Methods
This is a single centre, retrospective study. Data for re-sternotomy for
AVR with or without another concomitant cardiac procedure were
retrospectively collected from 2000 – 2019 from the hospital database
(Patient Administration System, e-CAMIS, Yeadon, Leeds, UK). All
patients with previous CABG who had re-sternotomy for AVR with or
without another concomitant cardiac procedure were included.
Emergency/salvage operations and infective endocarditis were excluded.
Approval was obtained from the institutional review committee. Consent
for individual use of data was waived due to the nature of the study and
prior approval for use of such data at the time of consent for
procedures.
Baseline demographic characteristics included variables used for risk
stratification as previously defined for EuroSCORE (table 1). Data for
previous operations was collected for number of previous sternotomies,
type of previous surgery, left internal mammary artery (LIMA) use and
patency and presence of other grafts. Operative and postoperative data
included type and extent of surgery, injury to cardiac structures at
re-sternotomy, myocardial protection, cross clamp time, total bypass
time, re-exploration for bleeding/tamponade, new postoperative transient
ischemic attack (TIA)/stroke, new hemofiltration, deep sternal wound
infection, in-hospital mortality (death before hospital discharge) and
length of stay (number of days from the date of operation to discharge).

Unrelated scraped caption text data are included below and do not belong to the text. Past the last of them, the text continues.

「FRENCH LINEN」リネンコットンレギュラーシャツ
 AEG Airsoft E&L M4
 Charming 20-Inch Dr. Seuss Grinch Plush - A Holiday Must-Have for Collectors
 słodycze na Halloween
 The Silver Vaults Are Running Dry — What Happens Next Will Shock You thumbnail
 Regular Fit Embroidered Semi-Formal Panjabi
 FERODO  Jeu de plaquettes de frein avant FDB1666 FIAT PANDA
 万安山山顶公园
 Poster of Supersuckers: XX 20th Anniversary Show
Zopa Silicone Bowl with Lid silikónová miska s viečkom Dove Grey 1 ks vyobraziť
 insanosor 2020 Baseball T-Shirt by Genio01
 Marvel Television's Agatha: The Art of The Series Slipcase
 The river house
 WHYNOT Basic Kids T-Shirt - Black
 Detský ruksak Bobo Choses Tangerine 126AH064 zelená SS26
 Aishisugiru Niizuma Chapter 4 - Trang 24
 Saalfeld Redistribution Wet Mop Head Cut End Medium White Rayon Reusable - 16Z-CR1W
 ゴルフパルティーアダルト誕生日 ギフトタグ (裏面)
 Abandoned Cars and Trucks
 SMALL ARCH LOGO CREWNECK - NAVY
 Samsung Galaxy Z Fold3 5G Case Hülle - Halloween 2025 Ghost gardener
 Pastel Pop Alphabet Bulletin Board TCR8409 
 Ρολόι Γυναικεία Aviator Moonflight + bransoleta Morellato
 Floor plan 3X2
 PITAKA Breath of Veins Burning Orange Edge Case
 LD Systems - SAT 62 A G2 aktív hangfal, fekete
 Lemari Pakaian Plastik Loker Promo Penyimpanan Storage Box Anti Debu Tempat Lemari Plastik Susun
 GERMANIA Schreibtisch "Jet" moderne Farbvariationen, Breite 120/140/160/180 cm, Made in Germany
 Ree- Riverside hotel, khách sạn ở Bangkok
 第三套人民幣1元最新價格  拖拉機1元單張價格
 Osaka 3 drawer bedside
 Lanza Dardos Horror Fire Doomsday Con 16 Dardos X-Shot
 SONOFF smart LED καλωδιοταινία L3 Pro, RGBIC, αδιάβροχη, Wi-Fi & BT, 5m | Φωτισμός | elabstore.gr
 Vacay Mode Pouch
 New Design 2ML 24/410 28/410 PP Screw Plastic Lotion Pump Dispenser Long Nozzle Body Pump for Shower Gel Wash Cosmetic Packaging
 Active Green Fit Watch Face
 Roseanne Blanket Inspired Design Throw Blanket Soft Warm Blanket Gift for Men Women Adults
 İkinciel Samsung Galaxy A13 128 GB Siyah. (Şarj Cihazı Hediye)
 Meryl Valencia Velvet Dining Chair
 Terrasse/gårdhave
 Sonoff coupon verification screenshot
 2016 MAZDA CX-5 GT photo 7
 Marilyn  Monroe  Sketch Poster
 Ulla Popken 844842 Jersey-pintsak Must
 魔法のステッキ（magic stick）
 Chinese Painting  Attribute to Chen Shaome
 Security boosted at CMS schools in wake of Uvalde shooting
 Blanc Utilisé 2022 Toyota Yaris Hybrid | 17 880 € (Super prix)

The standard procedure of re-sternotomy at our institution was followed.
The strategy of peripheral cannulation prior to re-sternotomy was based
on surgeon preference and perceived risk of injury at re-entry. All
re-sternotomies were performed with an oscillating saw. All cardiac
injuries and catastrophic bleeding at re-entry were dealt with standard
protocols. For patent LIMA, a strategy of endovascular balloon occlusion
or isolation and clamping after re-sternotomy was employed. Myocardial
protection was achieved with cold blood antegrade or retrograde
cardioplegia with use of mild to moderate systemic hypothermia.